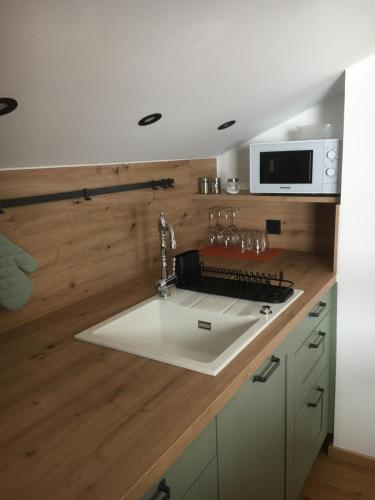 een keuken met een witte wastafel en een magnetron bij Bergbauernwirt im Landhaus Bolgental in Bolsterlang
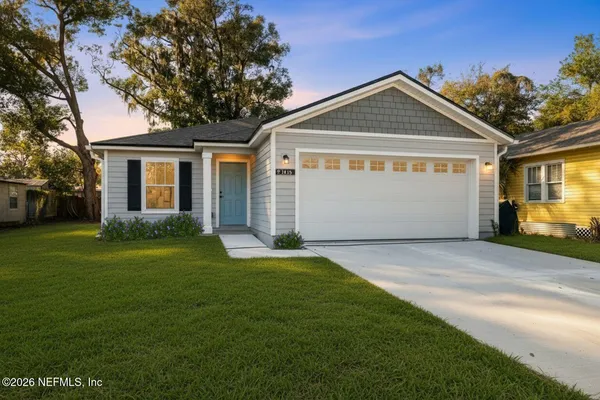 a front view of a house with a yard and garage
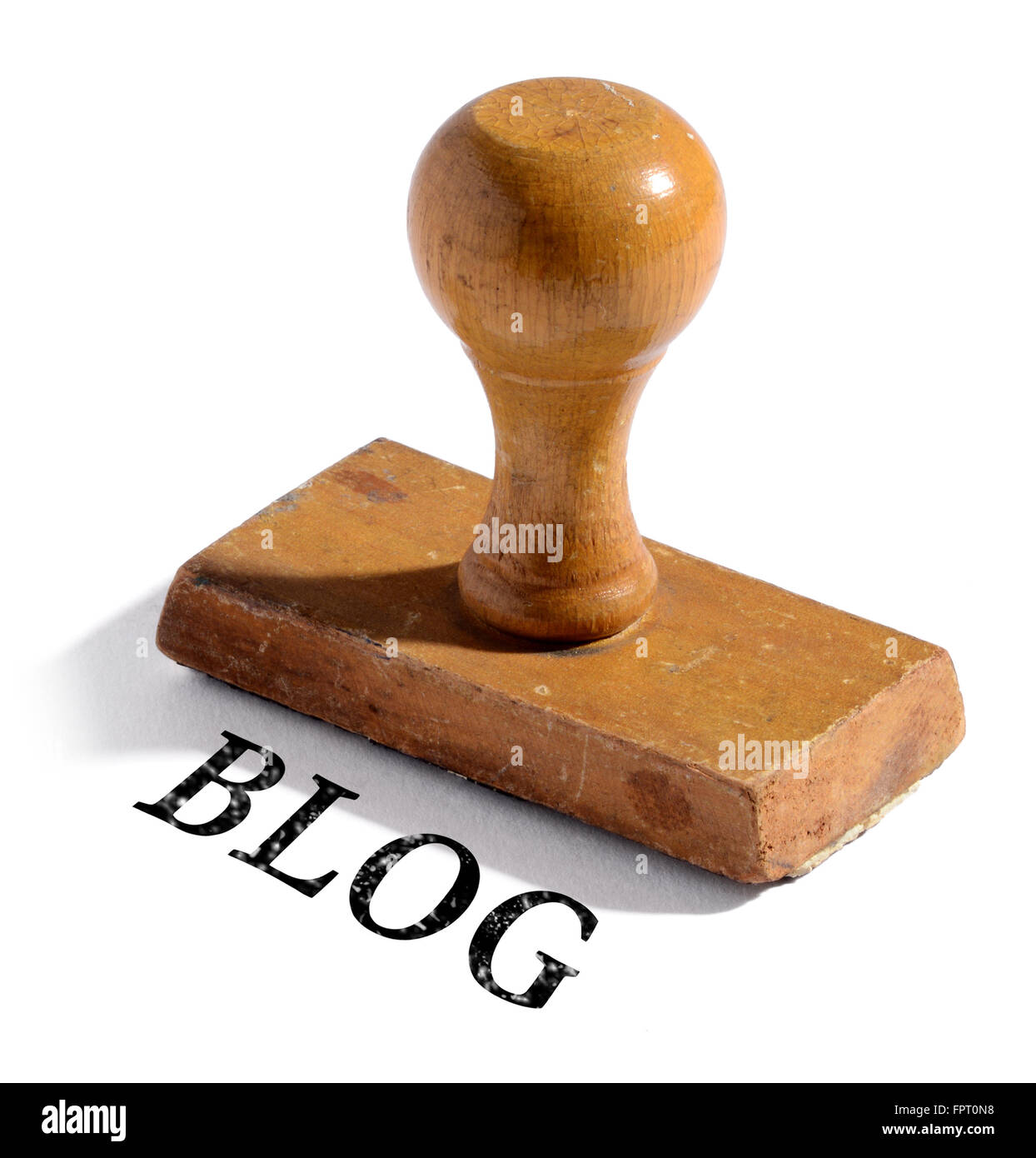 En bois à l'ancienne simple tampon de caoutchouc avec ombrage et blog texte sur fond blanc Banque D'Images
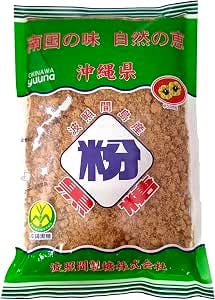 Front view of a packaged Hateruma black sugar powder bag showing brown granulated sugar inside and green packaging accents.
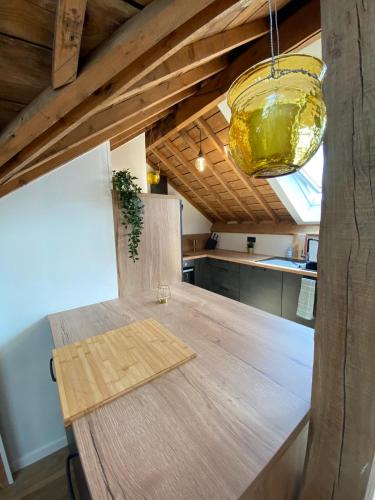 a kitchen with a wooden table with a light fixture at NEW Urban Studio Libramont in Bonance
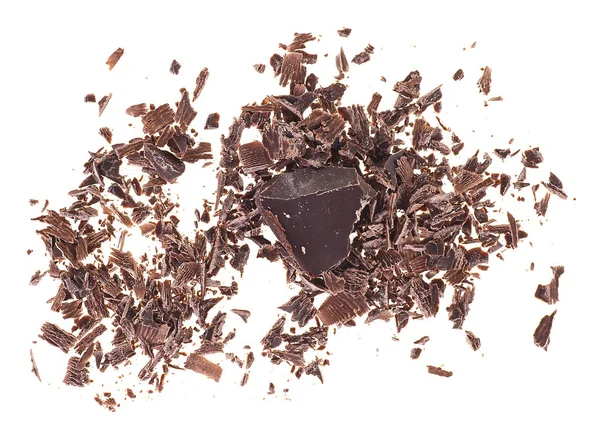 Pilha de raspas de chocolate moído no fundo branco. Vista superior . — Fotografia de Stock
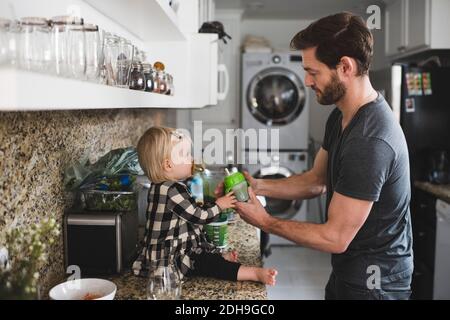 Seitenansicht des Vaters, der dem Mädchen auf dem Platz eine Flasche gab Theke in der Küche Stockfoto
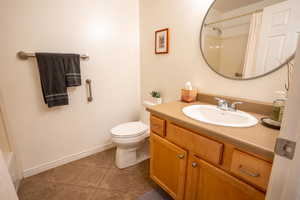 Full bath with vanity and dark tile patterned flooring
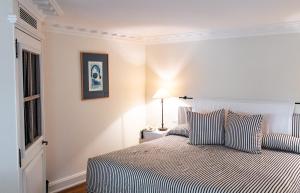 a bedroom with a bed with striped sheets and a window at Les Vergers de Saint Paul in Saint Paul de Vence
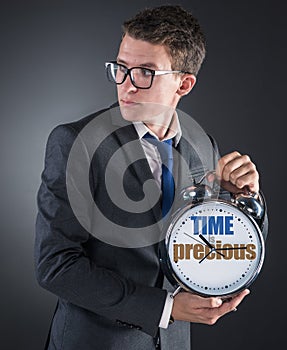 Young businessman time importance concept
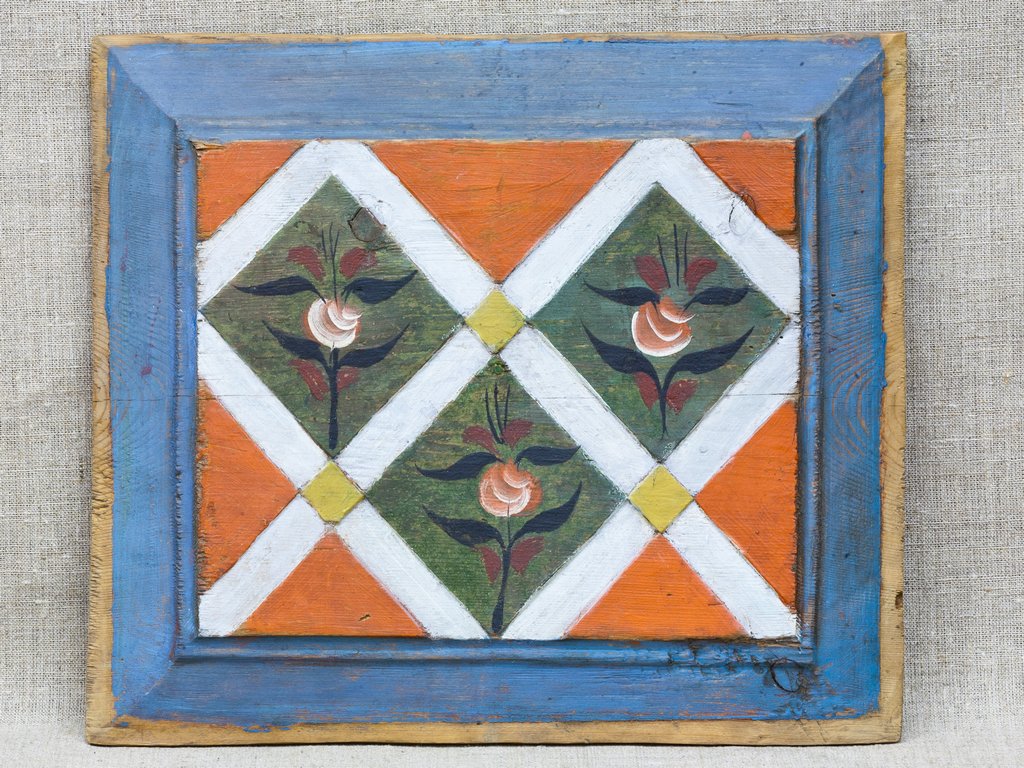 Деревянная прямоугольная панель с ярким орнаментом. Фон разделен на ромбообразные секции оранжевого, зеленого и белого цветов, украшенные стилизованными цветами. Рама выполнена в голубом цвете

# Work request:
Give again exactly the lines from the one holding "Young businessman time importance concept" to the final line of the records, both ends included; any pictures stay out.

# Result of this exercise:
 Young businessman time importance concept
 Деревянная прямоугольная панель с ярким орнаментом. Фон разделен на ромбообразные секции оранжевого, зеленого и белого цветов, украшенные стилизованными цветами. Рама выполнена в голубом цвете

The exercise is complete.